◆ What you will do ◆
Set down, word for word, only the lines from the start of the records through the line bearing "Photo of Bedroom in Le Montsaugeonnais"; include no pictures.

◆ Records from a dataset ◆
*** Block opens ***

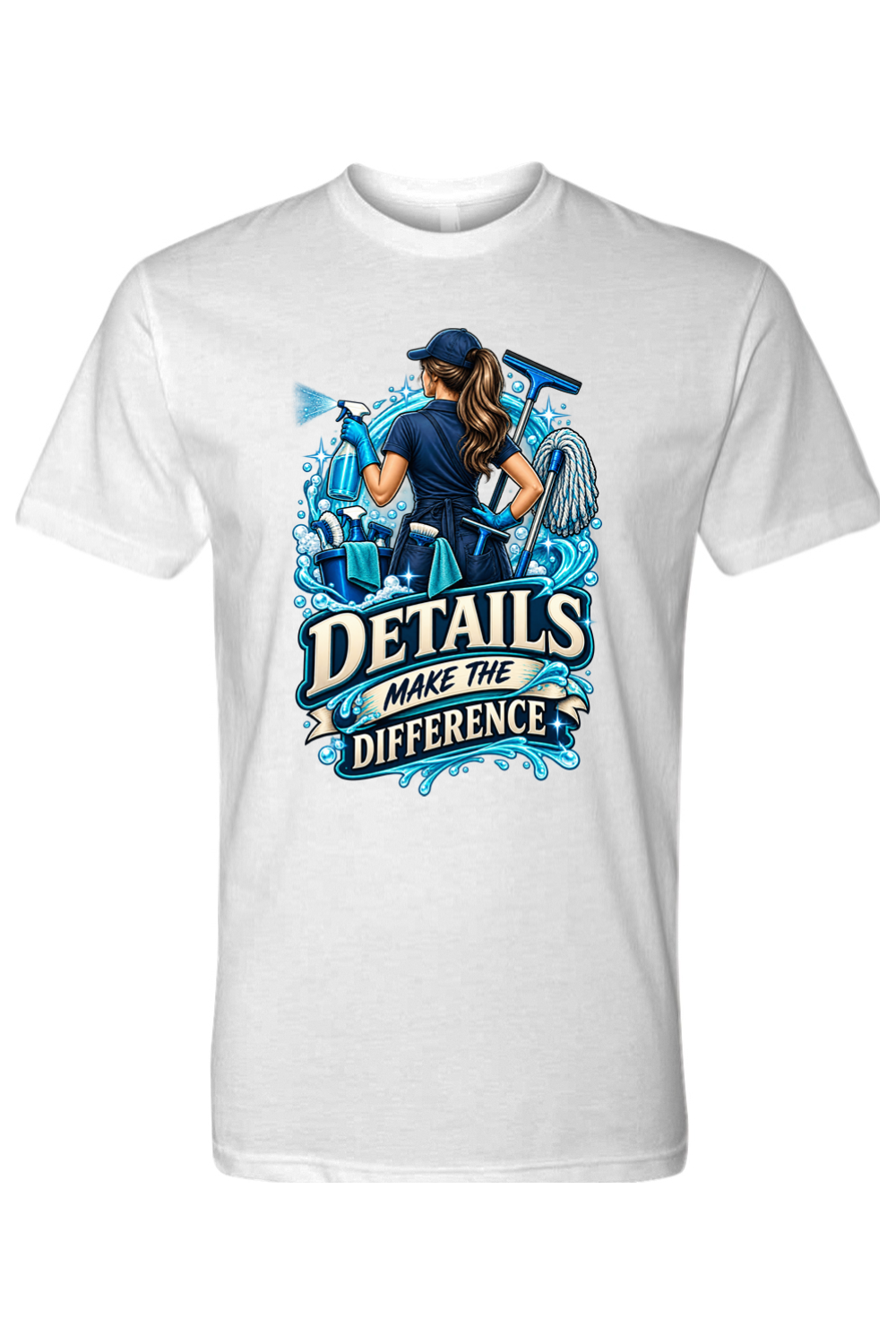 DETAILS MAKE THE DIFFERENCE - T-Shirt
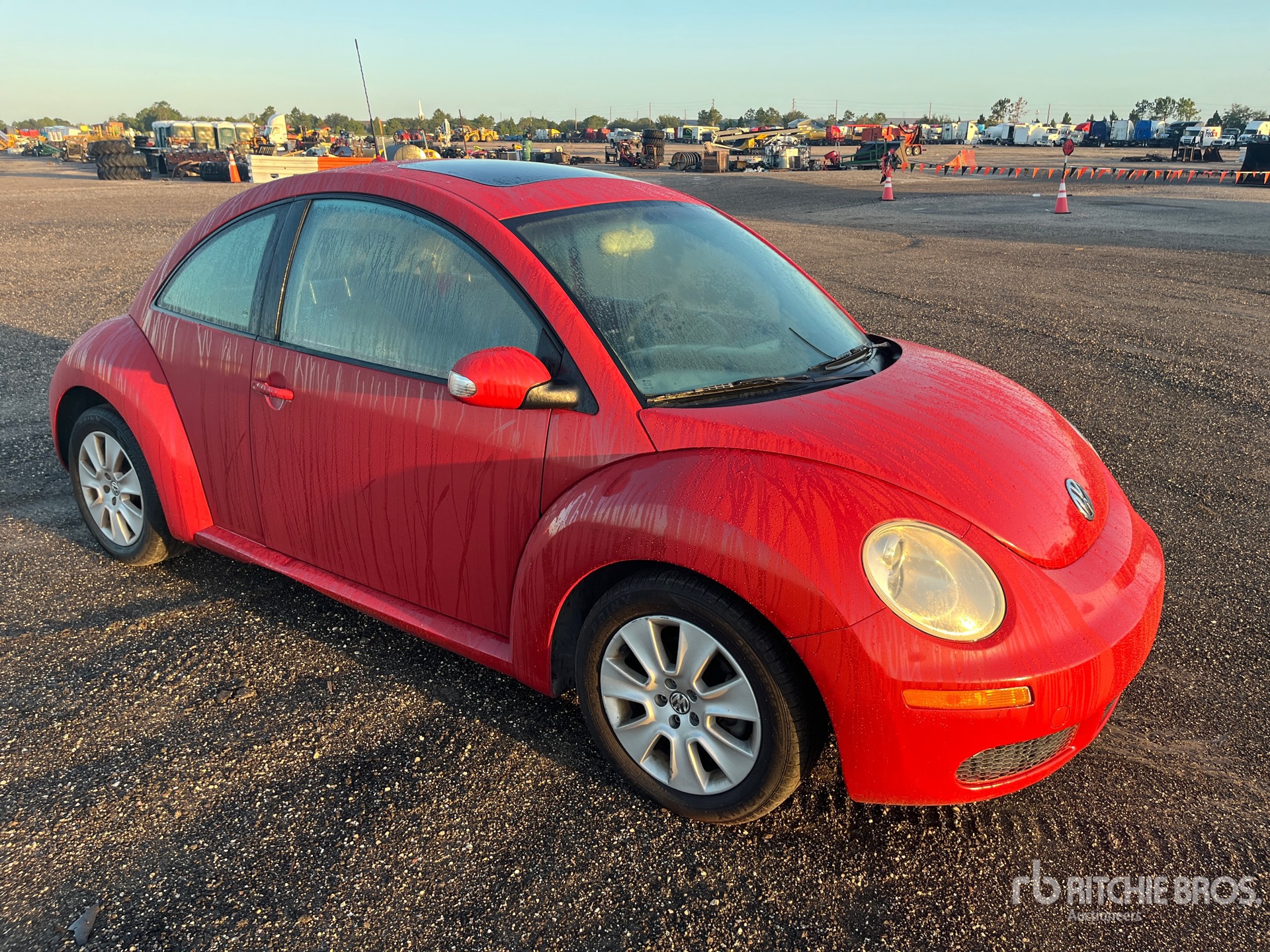 General Appearance with Picture, Right Front Corner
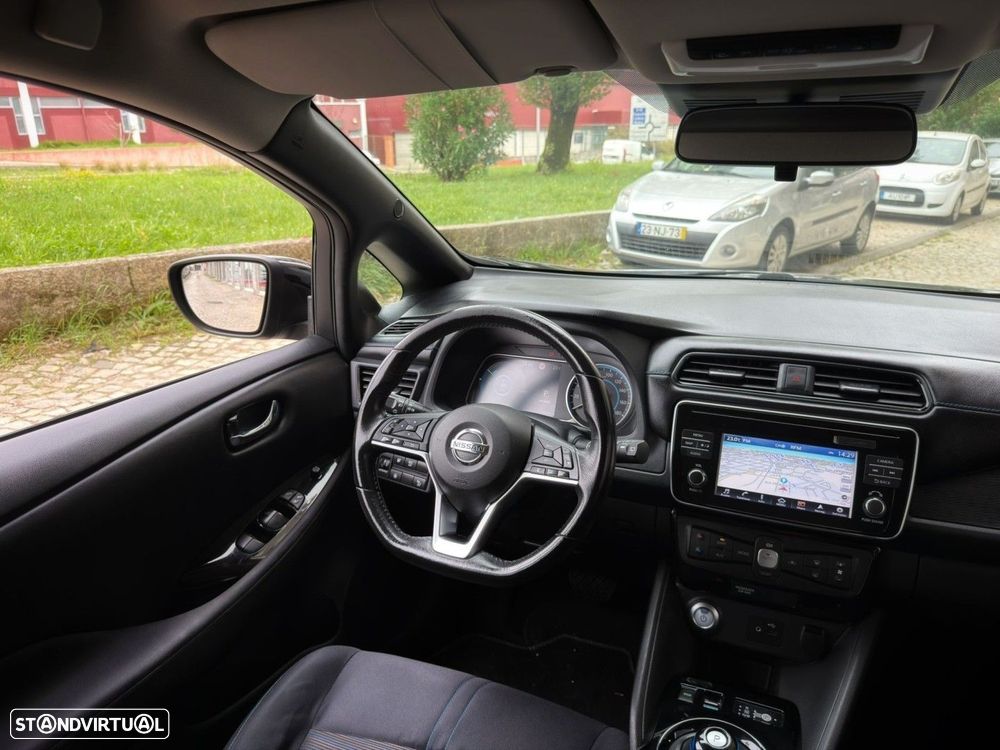 Nissan Leaf Acenta - 21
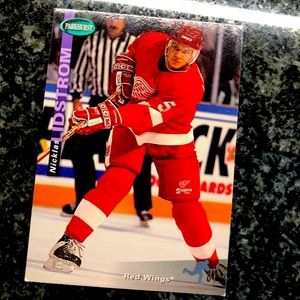 Nicklas Lidstrom 1994 Parkhurst #61 hockey card!!!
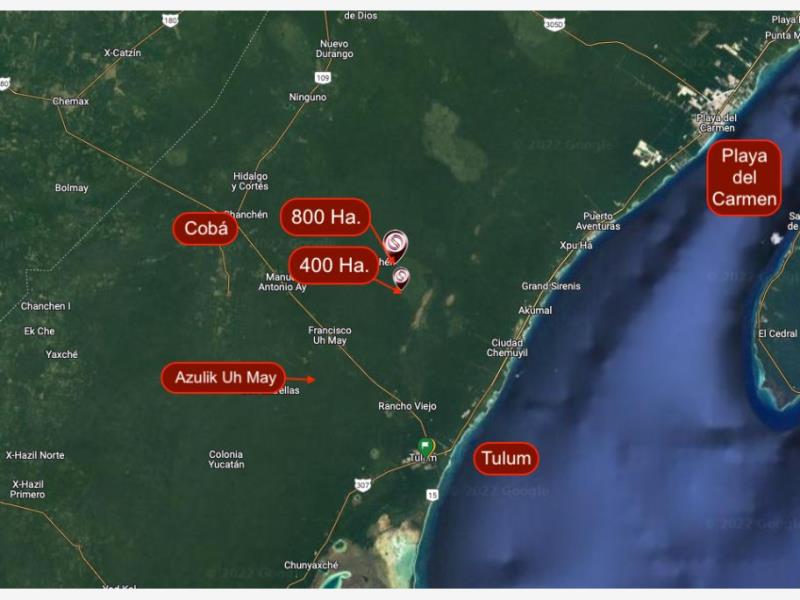 Terreno en venta en Tulum Centro, Tulum — foto 1 de 4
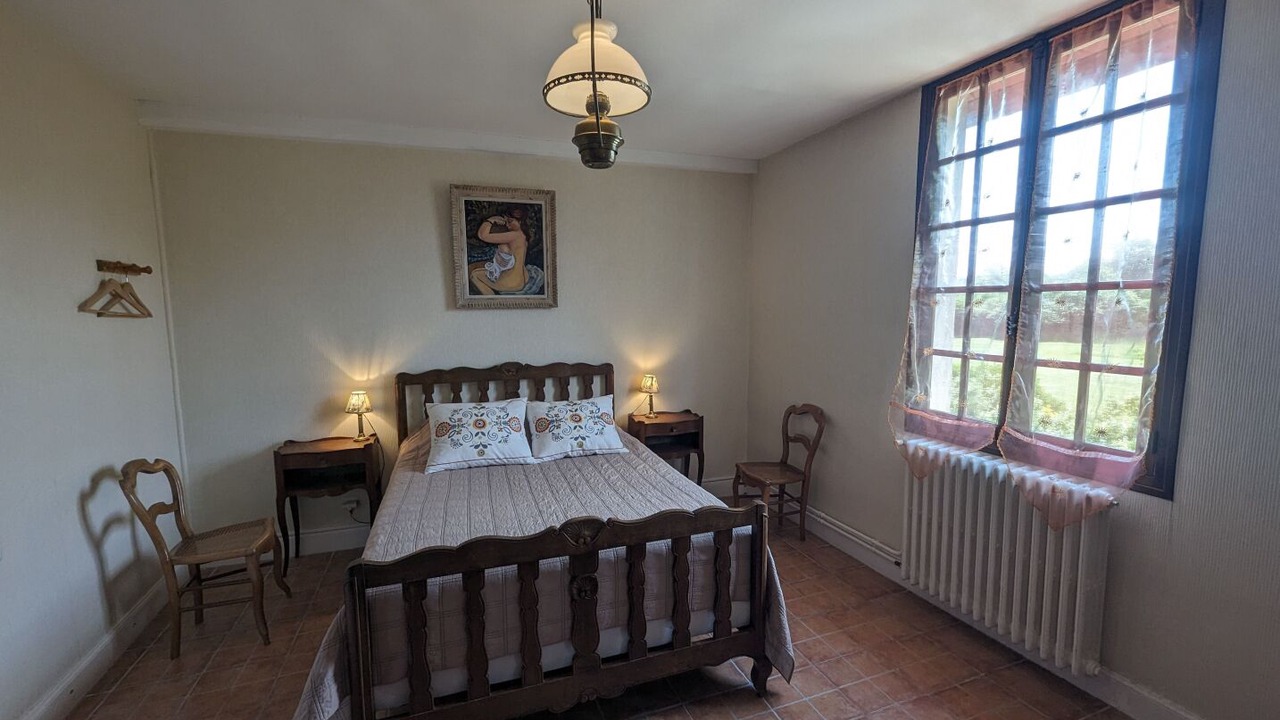 Photo of Bedroom in Le Montsaugeonnais
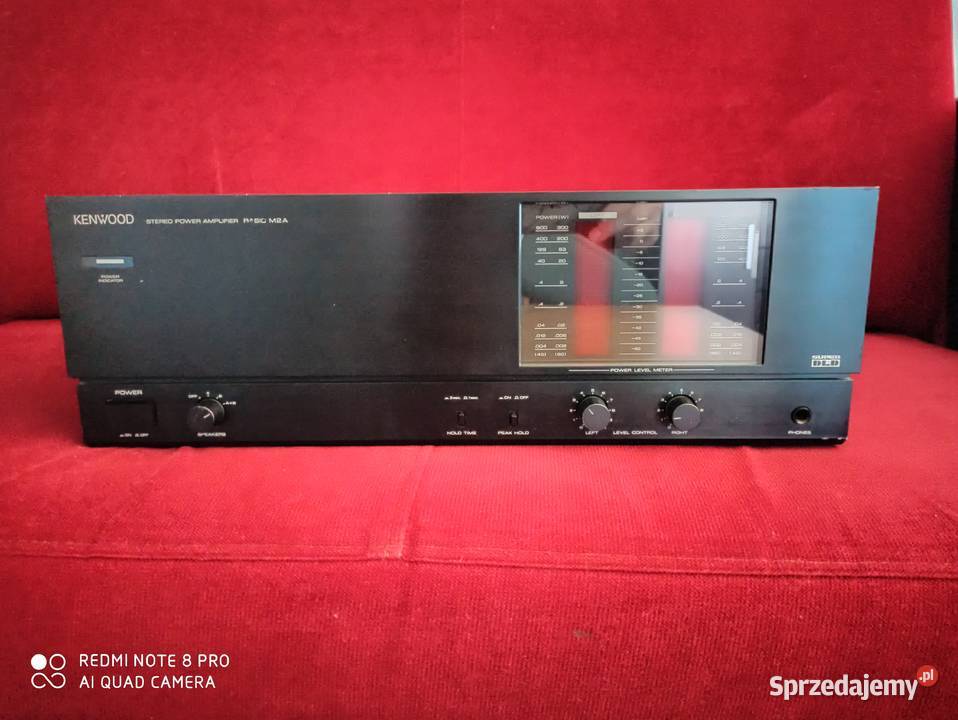 KENWOOD BASIC M2 STEREO AMPLIFIER końcówka mocy mazowieckie Klembów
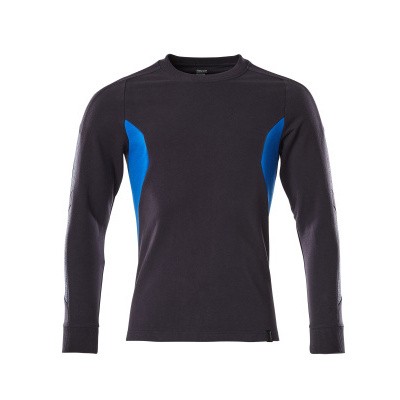 Mascot 18384-962 Sweatshirt donker marine/azur blauw Mascot 18384-962 Sweatshirt donker marine/azur blauw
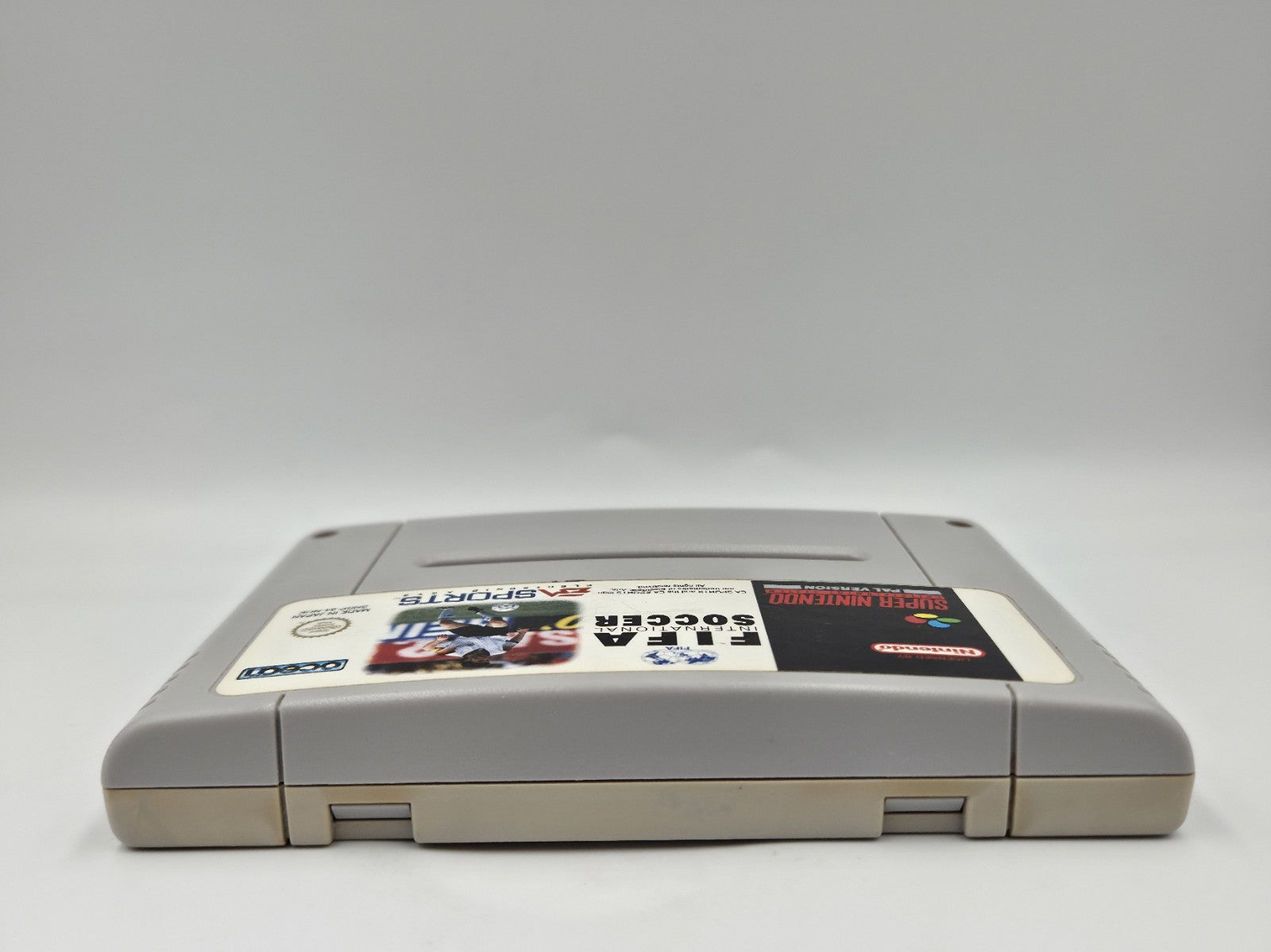 SNES Super Nintendo Spiel Fifa International Soccer Modul NOE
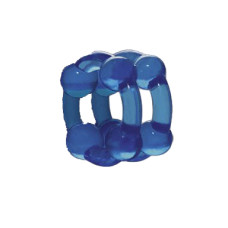 Эрекционное кольцо You2Toys Stronghold Синее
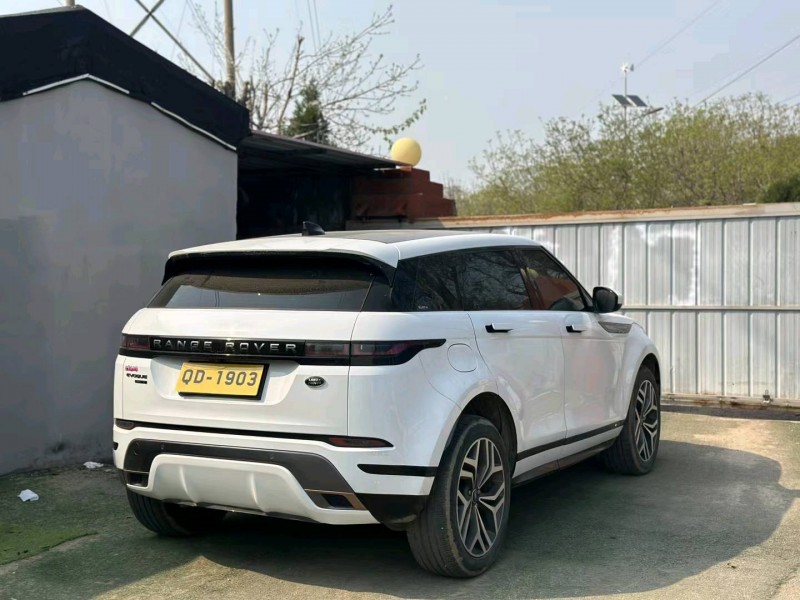 青岛20年路虎极光7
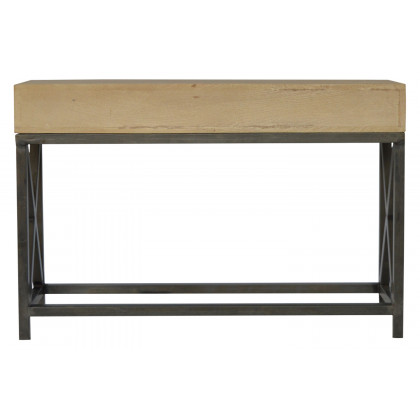 Artisan - Mango Wood Metal Base Console Table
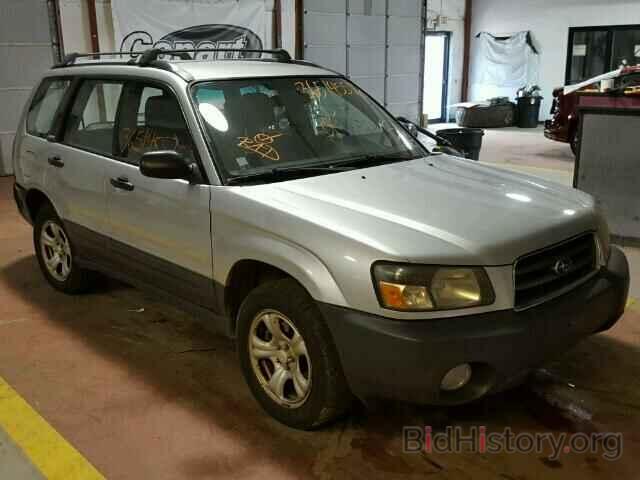 Photo JF1SG63683H769803 - SUBARU FORESTER 2003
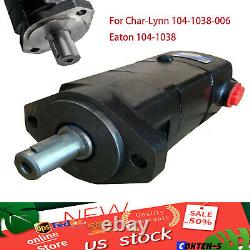 Hydraulic Motor For Char-Lynn 104-1038-006 Eaton 104-1038 Standard Mounting New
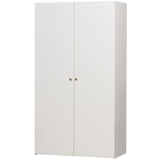 SIPKE GARDEROBEKAST GRENEN WIT [fsc]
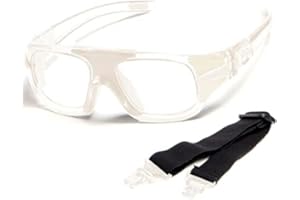 SHEEN KELLY Professional Sports Goggles Adult Protective Safety Goggles Basketball Glasses for Men with Adjustable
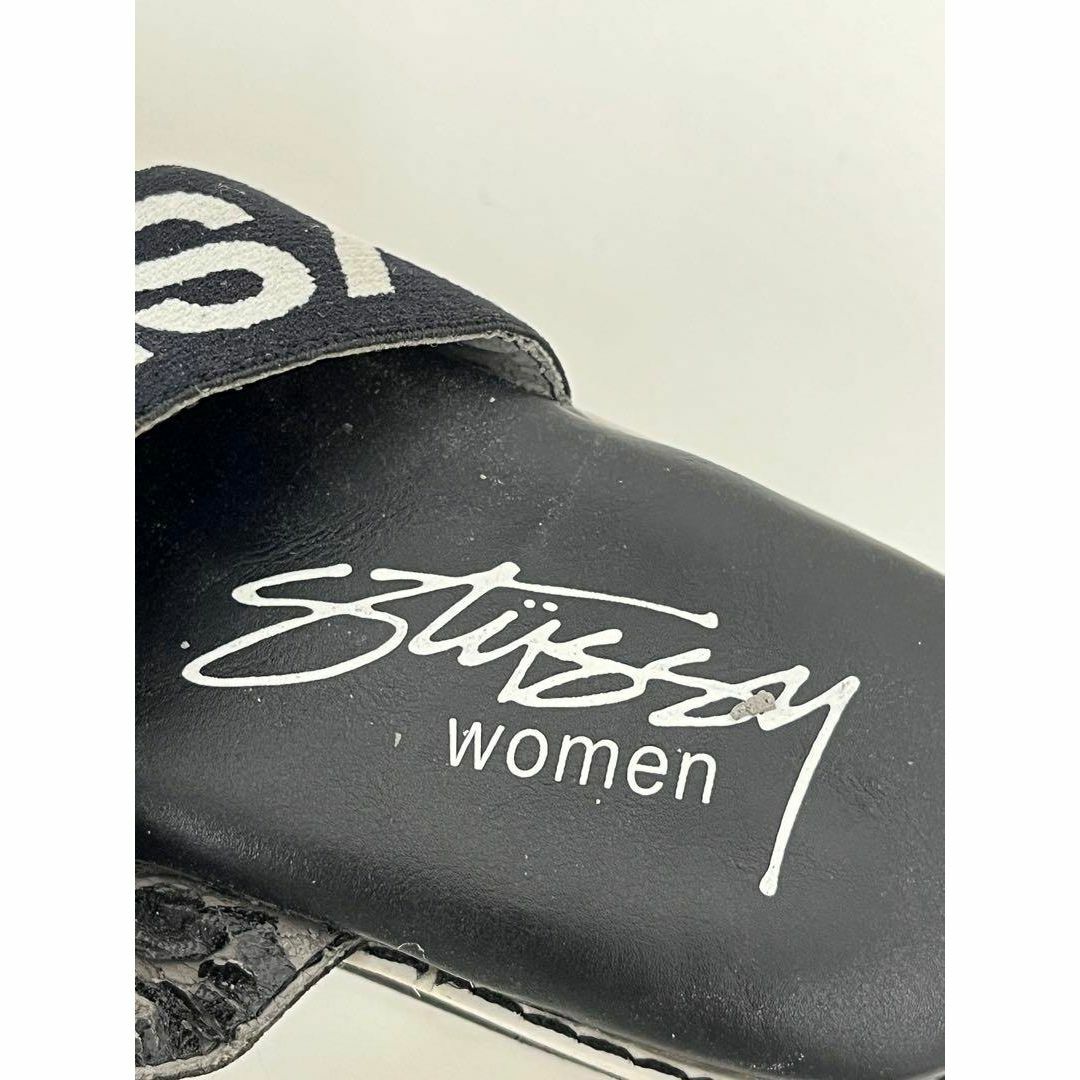 STUSSY(ステューシー)のSTUSSY WOMAN 厚底サンダル ロゴ 0305 その他のその他(その他)の商品写真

*** Block closes ***

◆ Task output ◆
 DETAILS MAKE THE DIFFERENCE - T-Shirt
 General Appearance with Picture, Right Front Corner
 Nissan Leaf Acenta - 21
 Nicklas Lidstrom 1994 Parkhurst #61 hockey card!!!
 Terreno en venta en Tulum Centro, Tulum — foto 1 de 4
 Photo of Bedroom in Le Montsaugeonnais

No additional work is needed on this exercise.